Homer: The Odyssey

0. Prefaces and Introduction (continued)

DAY 33 (Book vi).

Odysseus meets Nausicaa, daughter of Alcinous, the Phaeacian King, and by her aid, and that of Athene, is favourably received at the palace, and tells how he came from Calypso's island. His name is still unknown to his hosts.

DAY 34 (Books vii, viii, ix, x, xi, xii).

The Phaeacians and Odysseus display their skill in sports. Nausicaa bids Odysseus farewell. Odysseus recounts to Alcinous, and Arete, the Queen, those adventures in the two years between the fall of Troy and his captivity in the island of Calypso, which we have already described (pp. xiii-xvii).

DAY 35 (Book xiii).

Odysseus is conveyed to Ithaca, in the evening, on one of the magical barques of the Phaeacians.

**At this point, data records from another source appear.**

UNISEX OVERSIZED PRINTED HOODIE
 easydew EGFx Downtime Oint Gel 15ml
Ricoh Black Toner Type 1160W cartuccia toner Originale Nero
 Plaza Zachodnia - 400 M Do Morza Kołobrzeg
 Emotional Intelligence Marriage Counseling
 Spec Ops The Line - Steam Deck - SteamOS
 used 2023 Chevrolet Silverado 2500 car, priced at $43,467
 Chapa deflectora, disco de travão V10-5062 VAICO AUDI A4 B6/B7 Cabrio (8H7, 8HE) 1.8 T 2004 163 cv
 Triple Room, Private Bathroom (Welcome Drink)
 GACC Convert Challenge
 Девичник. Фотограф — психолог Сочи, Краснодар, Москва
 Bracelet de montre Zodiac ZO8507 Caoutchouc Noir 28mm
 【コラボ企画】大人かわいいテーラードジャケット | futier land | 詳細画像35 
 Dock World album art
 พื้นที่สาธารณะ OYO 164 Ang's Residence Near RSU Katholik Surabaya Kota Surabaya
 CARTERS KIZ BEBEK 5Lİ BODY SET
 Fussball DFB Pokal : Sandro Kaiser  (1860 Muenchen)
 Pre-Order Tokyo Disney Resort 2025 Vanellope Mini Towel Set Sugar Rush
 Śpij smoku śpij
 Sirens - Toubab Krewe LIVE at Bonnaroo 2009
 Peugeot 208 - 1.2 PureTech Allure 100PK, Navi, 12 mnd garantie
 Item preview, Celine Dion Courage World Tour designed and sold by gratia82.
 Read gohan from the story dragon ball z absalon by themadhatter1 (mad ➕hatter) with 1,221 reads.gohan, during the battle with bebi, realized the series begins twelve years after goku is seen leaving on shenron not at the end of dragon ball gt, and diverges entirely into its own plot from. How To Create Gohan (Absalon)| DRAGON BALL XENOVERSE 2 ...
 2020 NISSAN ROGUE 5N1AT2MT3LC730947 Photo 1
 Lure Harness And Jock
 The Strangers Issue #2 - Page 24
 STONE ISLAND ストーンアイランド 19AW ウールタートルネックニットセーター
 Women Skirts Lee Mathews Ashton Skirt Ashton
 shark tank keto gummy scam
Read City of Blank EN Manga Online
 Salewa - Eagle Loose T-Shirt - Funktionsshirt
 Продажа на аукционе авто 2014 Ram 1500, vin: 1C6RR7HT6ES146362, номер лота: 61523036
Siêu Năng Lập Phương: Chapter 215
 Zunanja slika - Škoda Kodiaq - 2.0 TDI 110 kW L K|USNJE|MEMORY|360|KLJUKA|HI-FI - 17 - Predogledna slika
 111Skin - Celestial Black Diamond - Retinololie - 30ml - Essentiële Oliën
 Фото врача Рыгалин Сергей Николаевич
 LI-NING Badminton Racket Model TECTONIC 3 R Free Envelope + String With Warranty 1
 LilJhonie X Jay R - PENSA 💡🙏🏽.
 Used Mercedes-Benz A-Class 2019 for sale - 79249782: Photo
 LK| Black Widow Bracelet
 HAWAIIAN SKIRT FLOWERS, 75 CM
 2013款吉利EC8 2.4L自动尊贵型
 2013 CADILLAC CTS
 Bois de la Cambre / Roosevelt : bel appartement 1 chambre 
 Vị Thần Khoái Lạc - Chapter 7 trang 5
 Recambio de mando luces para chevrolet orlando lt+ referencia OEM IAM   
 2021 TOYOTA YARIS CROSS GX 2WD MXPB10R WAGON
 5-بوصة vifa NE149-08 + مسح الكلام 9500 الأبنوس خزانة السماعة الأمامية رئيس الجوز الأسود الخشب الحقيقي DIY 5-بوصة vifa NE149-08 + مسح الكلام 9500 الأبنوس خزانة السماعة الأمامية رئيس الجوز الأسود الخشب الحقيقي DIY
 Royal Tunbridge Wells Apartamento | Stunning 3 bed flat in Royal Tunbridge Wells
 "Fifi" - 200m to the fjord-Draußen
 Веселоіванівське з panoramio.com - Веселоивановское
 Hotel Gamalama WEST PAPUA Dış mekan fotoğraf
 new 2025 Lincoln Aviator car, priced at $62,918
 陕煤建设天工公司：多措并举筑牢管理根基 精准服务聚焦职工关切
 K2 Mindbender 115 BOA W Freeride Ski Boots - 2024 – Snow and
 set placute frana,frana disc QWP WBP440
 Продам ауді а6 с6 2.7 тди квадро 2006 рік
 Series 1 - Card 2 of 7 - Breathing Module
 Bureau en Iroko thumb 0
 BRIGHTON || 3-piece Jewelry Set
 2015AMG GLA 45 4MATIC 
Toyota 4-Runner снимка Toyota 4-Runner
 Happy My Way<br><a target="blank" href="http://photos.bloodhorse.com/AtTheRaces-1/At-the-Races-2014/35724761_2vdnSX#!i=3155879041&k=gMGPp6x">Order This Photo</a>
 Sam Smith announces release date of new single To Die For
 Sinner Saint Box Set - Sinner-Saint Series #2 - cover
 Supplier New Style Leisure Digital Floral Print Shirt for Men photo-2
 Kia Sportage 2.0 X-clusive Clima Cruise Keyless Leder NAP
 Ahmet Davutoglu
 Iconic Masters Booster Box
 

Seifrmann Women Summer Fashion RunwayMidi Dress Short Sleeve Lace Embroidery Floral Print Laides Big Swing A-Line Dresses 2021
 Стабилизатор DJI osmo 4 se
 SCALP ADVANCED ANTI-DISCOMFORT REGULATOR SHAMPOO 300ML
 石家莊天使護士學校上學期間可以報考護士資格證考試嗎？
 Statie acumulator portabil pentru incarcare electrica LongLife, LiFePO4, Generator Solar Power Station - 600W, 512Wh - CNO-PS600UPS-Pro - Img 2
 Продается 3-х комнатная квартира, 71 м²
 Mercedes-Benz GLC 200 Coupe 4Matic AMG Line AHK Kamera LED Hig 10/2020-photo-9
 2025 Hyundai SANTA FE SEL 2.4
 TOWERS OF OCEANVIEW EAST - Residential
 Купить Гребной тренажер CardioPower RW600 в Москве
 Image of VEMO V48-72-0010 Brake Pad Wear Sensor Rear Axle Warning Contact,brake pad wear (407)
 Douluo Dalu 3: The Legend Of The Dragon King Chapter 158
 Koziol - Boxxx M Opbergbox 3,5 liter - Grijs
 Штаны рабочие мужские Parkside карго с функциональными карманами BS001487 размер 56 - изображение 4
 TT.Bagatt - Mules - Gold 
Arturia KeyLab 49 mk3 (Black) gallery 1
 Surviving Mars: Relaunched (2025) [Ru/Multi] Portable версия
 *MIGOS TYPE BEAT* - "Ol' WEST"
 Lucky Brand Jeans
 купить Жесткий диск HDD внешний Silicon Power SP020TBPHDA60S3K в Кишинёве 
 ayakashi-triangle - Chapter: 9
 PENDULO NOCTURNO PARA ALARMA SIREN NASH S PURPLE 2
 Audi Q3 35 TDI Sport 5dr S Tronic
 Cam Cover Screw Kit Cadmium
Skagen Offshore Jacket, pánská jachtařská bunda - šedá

DAY 36 (Books xiii, xiv, xv).

He wakens in Ithaca, which be does not at first recognise He learns from Athene, for the first time, that the wooers beset his house. She disguises him as an old man, and bids him go to the hut of the swineherd Eumaeus, who is loyal to his absent lord. Athene then goes to Lacedaemon, to bring back Telemachus, who bas now resided there for a month. Odysseus won the heart of Eumaeus, who of course did not recognise him, and slept in the swineherd's hut, while Athene was waking Telemachus, in Lacedaemon, and bidding him 'be mindful of his return.'

DAY 37 (Book xv).

Is spent by Odysseus in the swineherd's hut. Telemachus reaches Pherae, half-way to Pylos.

DAY 38 (Book xv).

Telemachus reaches Pylos, but does not visit Nestor. To save time he goes at once on board ship, taking with him an unfortunate outlaw, Theoclymenus, a second-sighted man, or the family of Melampus, in which the gift of prophecy was hereditary. The ship passed the Elian coast at night, and evaded the ambush of the wooers. Meanwhile Odysseus was sitting up almost till dawn, listening to the history of Eumaeus, the swineherd.